Description of the task. In the entries below, go to the line containing "Phuhi Hotel - photo 4" and repeat it along with every later line, exactly.

Records from a data source:
[Start of Attachment]

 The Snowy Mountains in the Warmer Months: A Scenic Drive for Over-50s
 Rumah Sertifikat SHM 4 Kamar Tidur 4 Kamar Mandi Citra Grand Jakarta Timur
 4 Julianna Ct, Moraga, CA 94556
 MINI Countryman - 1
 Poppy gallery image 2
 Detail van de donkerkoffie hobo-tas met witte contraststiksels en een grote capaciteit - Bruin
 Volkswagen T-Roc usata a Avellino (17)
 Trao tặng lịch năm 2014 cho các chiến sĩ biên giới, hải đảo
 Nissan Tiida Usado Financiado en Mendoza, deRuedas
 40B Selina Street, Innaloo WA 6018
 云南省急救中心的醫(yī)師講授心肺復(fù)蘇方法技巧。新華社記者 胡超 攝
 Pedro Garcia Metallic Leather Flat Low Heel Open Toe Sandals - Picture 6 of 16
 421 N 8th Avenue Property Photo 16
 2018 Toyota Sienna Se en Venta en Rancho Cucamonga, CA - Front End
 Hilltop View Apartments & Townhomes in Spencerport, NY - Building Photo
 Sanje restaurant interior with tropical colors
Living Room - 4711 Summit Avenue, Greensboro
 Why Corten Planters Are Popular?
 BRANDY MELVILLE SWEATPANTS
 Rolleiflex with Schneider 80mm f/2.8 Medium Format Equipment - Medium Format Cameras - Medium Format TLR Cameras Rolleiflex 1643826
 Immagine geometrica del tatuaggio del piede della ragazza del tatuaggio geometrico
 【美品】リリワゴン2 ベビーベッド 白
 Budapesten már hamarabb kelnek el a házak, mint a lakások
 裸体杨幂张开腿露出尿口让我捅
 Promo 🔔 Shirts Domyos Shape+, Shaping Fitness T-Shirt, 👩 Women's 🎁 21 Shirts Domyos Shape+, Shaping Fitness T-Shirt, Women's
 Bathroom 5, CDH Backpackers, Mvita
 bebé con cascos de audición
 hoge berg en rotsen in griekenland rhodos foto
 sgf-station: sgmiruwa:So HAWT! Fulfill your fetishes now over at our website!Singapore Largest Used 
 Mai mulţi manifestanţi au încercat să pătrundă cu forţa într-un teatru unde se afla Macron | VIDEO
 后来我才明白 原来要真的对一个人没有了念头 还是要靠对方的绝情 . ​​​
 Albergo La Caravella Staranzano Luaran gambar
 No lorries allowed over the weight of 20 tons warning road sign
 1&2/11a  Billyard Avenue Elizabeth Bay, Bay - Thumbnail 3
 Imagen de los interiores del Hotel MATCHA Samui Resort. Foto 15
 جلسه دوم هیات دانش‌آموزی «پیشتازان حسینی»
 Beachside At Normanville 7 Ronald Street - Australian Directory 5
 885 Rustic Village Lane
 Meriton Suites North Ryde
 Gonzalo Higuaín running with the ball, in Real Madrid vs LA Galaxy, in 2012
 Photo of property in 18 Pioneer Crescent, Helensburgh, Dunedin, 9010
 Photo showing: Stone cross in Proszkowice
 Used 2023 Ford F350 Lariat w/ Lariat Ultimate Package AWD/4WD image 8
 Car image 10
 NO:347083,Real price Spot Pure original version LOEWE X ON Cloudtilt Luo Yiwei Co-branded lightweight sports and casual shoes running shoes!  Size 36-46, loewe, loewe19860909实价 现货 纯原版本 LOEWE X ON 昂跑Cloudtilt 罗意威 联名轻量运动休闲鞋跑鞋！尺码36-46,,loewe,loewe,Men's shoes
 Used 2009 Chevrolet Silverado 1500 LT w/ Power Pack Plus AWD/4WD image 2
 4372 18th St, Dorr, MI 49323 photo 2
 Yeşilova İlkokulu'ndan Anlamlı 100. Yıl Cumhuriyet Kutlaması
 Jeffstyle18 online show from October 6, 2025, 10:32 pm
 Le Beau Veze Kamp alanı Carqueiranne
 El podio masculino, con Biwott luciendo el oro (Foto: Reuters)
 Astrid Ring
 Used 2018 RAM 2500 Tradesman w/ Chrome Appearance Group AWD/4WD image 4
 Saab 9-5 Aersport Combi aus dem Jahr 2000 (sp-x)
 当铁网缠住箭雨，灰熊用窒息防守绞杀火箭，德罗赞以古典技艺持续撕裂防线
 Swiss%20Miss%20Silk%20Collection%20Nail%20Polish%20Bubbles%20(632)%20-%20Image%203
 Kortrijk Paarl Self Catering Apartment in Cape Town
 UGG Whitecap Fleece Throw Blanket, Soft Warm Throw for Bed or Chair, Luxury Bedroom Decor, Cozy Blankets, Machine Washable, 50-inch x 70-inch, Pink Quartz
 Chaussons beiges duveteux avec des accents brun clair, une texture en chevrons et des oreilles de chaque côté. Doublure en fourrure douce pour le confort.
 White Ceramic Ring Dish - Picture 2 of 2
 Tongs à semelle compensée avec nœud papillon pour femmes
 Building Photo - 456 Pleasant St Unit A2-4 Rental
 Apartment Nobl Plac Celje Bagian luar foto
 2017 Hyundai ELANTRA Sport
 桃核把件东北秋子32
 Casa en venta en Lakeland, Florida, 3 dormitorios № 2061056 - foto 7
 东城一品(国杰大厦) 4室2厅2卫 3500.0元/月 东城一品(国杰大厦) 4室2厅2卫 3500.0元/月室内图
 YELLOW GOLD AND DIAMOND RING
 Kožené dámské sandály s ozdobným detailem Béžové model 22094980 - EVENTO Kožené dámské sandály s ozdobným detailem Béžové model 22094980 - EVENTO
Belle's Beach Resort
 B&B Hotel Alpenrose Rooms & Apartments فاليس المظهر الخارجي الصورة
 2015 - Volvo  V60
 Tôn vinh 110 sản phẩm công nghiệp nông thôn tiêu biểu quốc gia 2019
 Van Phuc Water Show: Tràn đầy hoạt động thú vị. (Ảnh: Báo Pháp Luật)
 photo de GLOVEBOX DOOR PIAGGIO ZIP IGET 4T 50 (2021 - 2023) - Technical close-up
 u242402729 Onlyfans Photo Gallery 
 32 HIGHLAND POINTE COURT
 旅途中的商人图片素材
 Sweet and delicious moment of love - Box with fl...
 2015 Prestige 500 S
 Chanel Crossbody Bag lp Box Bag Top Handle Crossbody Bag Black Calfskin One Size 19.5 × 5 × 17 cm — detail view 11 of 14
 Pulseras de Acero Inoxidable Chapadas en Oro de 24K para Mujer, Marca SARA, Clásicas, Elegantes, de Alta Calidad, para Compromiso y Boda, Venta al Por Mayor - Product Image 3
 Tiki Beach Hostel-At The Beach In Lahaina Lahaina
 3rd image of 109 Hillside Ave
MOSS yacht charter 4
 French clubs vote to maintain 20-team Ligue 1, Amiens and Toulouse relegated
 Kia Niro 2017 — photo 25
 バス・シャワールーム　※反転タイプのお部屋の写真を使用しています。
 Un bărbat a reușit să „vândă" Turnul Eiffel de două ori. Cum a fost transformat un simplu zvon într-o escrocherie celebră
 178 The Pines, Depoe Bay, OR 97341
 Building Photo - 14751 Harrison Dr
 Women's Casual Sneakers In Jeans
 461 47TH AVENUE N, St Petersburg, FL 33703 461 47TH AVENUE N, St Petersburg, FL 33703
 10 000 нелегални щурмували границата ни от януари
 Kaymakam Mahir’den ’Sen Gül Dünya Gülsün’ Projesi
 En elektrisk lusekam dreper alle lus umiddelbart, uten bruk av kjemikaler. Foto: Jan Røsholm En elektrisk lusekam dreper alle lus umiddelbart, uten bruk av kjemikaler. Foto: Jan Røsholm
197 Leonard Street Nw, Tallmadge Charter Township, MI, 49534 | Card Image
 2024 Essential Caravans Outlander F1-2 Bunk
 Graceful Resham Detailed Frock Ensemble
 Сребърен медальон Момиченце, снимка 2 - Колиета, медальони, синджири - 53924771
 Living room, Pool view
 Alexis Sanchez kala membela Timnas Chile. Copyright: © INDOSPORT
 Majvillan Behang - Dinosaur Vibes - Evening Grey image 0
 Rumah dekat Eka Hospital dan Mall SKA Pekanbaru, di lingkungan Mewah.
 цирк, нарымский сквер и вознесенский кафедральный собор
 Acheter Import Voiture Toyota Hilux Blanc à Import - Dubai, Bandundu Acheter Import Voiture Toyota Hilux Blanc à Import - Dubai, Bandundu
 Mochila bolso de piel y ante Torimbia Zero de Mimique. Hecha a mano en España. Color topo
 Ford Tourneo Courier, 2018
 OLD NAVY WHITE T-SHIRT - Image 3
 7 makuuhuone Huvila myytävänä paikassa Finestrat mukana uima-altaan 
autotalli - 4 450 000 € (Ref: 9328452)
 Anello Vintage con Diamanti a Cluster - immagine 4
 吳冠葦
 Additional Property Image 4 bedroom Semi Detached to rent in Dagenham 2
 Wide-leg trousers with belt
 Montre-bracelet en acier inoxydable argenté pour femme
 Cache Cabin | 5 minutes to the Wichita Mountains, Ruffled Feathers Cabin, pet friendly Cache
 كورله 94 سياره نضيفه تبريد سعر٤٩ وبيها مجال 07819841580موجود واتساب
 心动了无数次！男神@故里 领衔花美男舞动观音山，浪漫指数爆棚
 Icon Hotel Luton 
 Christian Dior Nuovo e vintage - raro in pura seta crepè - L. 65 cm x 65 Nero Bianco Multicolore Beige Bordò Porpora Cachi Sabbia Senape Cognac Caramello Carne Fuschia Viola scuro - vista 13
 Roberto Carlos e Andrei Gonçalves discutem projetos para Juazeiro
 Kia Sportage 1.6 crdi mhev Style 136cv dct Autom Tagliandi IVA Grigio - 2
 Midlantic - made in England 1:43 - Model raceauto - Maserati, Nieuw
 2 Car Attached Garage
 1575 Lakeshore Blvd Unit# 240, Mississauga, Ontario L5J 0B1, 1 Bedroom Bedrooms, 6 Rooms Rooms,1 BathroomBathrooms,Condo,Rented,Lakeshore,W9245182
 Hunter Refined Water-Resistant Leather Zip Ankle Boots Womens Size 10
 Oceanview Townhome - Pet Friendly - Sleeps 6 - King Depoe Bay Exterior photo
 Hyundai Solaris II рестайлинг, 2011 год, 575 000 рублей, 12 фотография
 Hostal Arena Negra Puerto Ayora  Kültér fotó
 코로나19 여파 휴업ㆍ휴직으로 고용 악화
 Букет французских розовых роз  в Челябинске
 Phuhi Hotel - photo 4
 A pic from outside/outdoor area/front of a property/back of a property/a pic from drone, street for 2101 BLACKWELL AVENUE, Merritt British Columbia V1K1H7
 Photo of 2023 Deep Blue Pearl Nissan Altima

[End of Attachment]

Written response.
 Phuhi Hotel - photo 4
 A pic from outside/outdoor area/front of a property/back of a property/a pic from drone, street for 2101 BLACKWELL AVENUE, Merritt British Columbia V1K1H7
 Photo of 2023 Deep Blue Pearl Nissan Altima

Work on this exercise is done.